De rechtbank zal hierna tevens de ambtenaar van de burgerlijke stand van de gemeente Amsterdam gelasten een latere vermelding van de adoptie aan de daarvoor in aanmerking komende akte toe te voegen en bepalen dat de griffier van deze rechtbank daartoe een afschrift van deze beschikking aan de ambtenaar van de burgerlijke stand van de gemeente Amsterdam zal zenden, zodra deze uitspraak in kracht van gewijsde is gegaan.

5.De beslissing

De rechtbank:
5.1.
spreekt uit de adoptie van:
[naam], geboren op [geboortedatum] te [geboorteplaats] ,
door
[verzoeker], geboren op [geboortedatum] te [geboorteplaats] ;
5.2.
gelast de ambtenaar van de burgerlijke stand van de gemeente Amsterdam een latere vermelding van de adoptie aan de daarvoor in aanmerking komende akte toe te voegen;
5.3.
bepaalt dat de griffier van deze rechtbank daartoe een afschrift van deze beschikking aan de ambtenaar van de burgerlijke stand van de gemeente Amsterdam zal zenden, zodra deze uitspraak in kracht van gewijsde is gegaan.
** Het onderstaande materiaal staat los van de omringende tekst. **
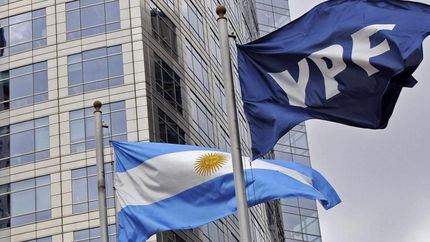 en medio de la crisis de soberania, ypf aumento el precio de la nafta
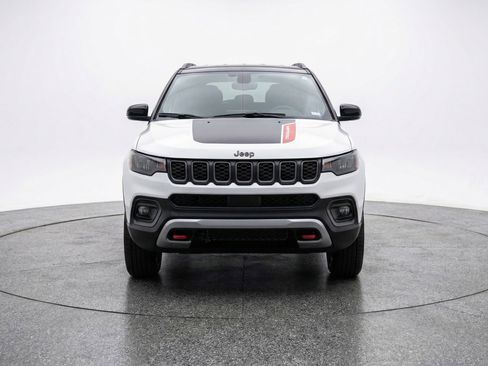 Used 2025 Jeep Compass Trailhawk w/ Trailer Tow Group image 2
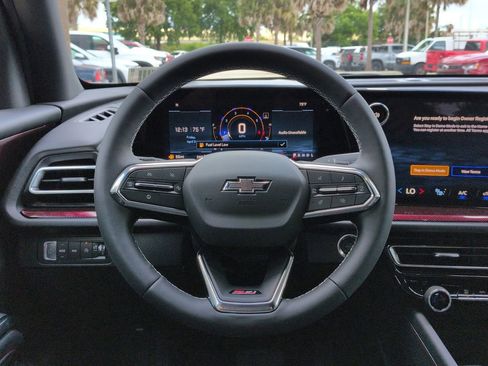 New 2026 Chevrolet Traverse Z71 w/ Driver Confidence Package AWD/4WD image 11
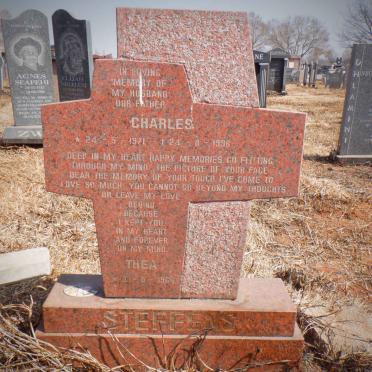 STEFFENS Charles 1971-1996 &amp; Thea 1966-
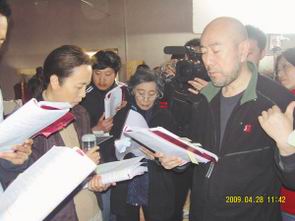 第五代导演周晓文正在青岛拍情感剧《晚婚》 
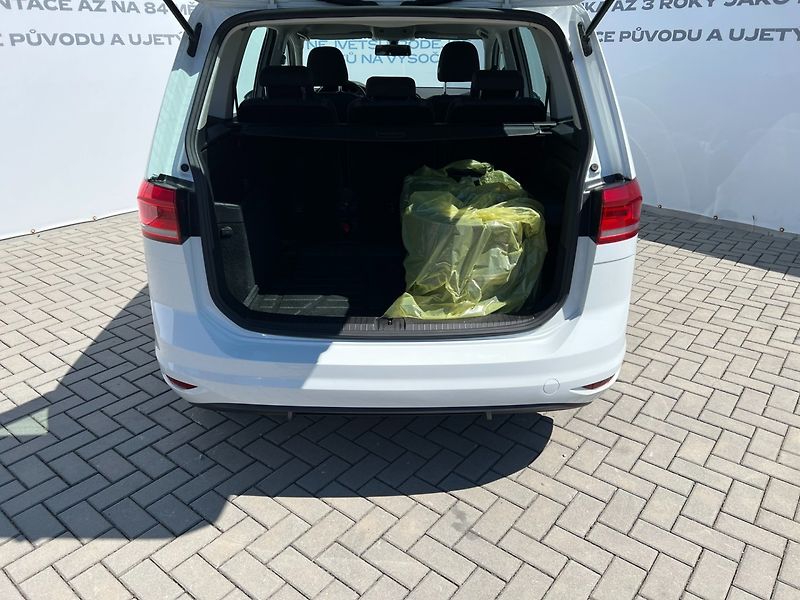 Volkswagen Touran (2019) 1.6TDi 85kW COMFORTLINE - fotka 9 z 28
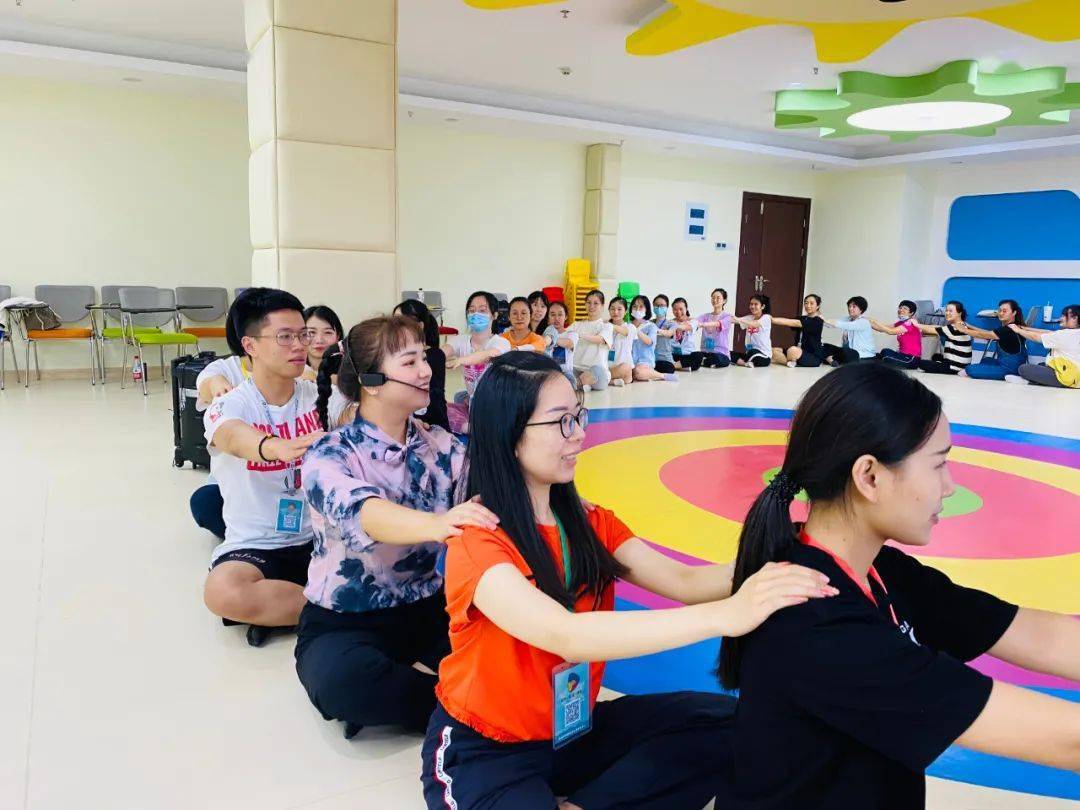 福清113名准入户早教指导师顺利结业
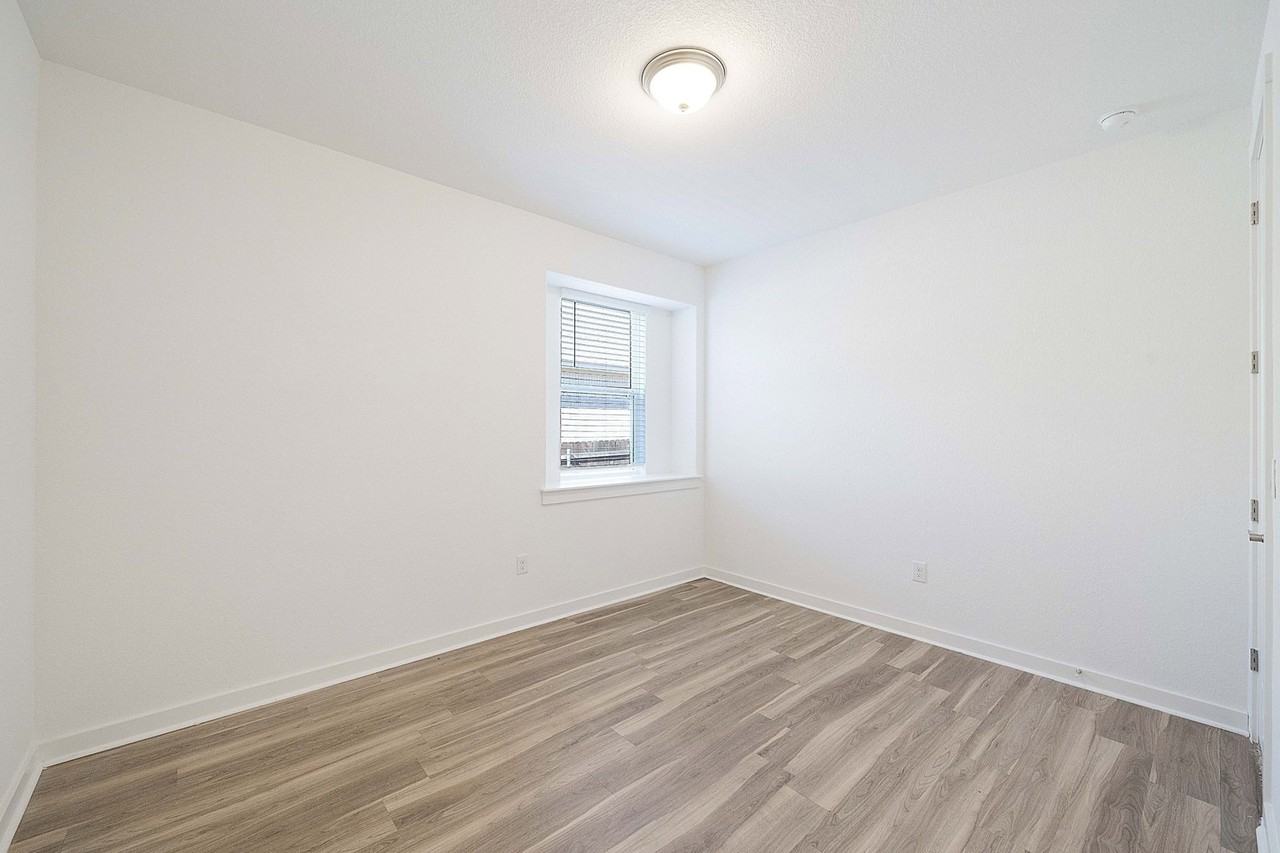 4313 Deer Lake Ln - Photo 7 of 50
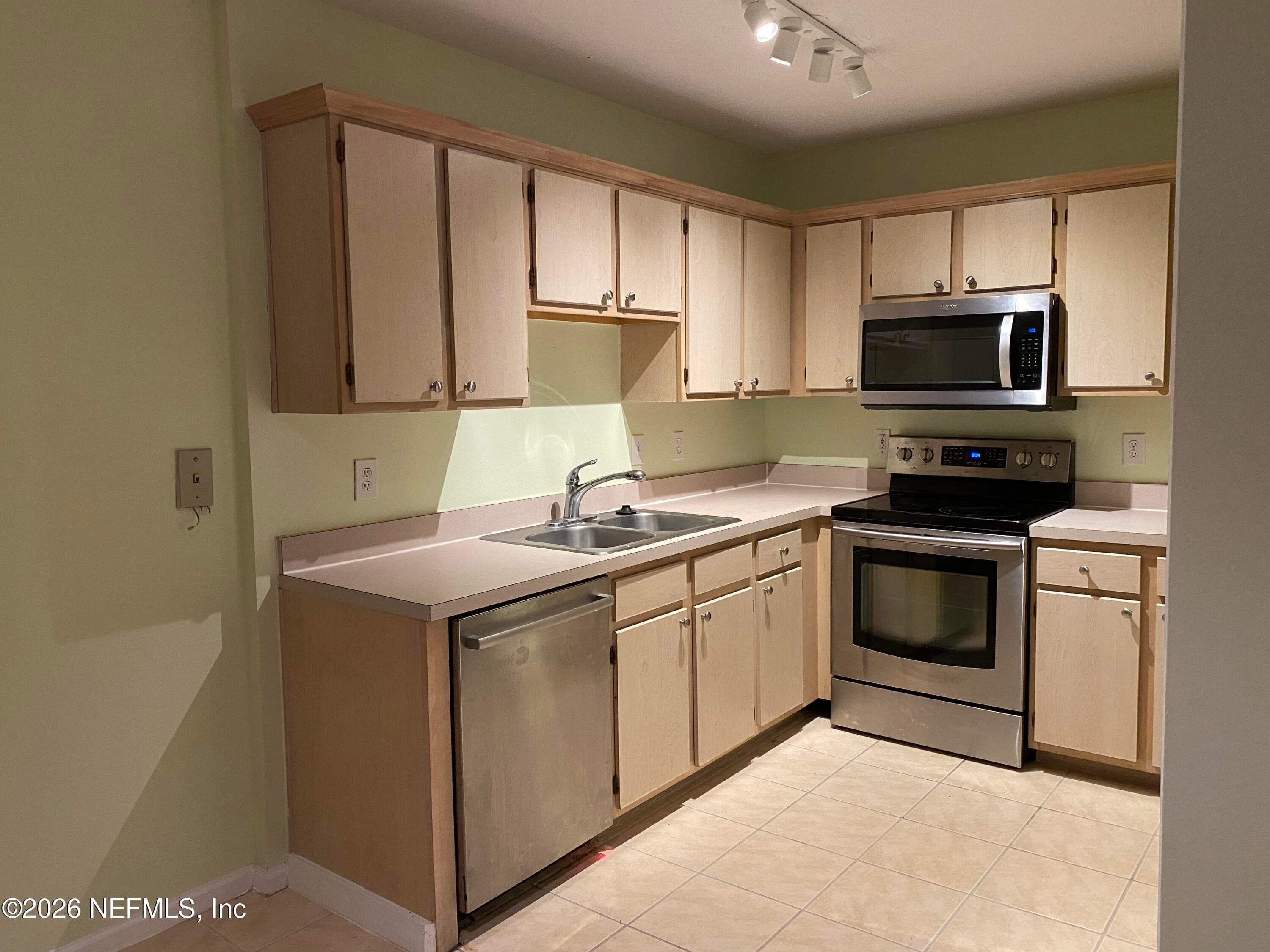 Photo 10 of 1655 THE GREENS Way 3425, Jacksonville Beach, FL 32250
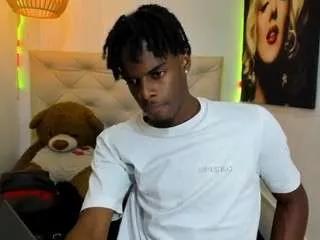 Offline royce-ebony on CamSoda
Deze beschikking is mondeling gegeven en in het openbaar uitgesproken op 9 augustus 2022 door mr. A.E.M. Overkamp, rechter, in tegenwoordigheid van mr. S.P. van der Meer, griffier, en de schriftelijke uitwerking is vastgesteld op 10 augustus 2022.
Indien hoger beroep tegen deze beschikking mogelijk is, kan dat worden ingesteld:
- door de verzoekers en degenen aan wie een afschrift van de beschikking is verstrekt of verzonden, binnen drie maanden na de dag van de uitspraak,
- door andere belanghebbenden binnen drie maanden na de betekening daarvan of nadat de beschikking aan hen op een andere wijze bekend is geworden.
Het hoger beroep moet, door tussenkomst van een advocaat, worden ingediend ter griffie van het gerechtshof Arnhem-Leeuwarden.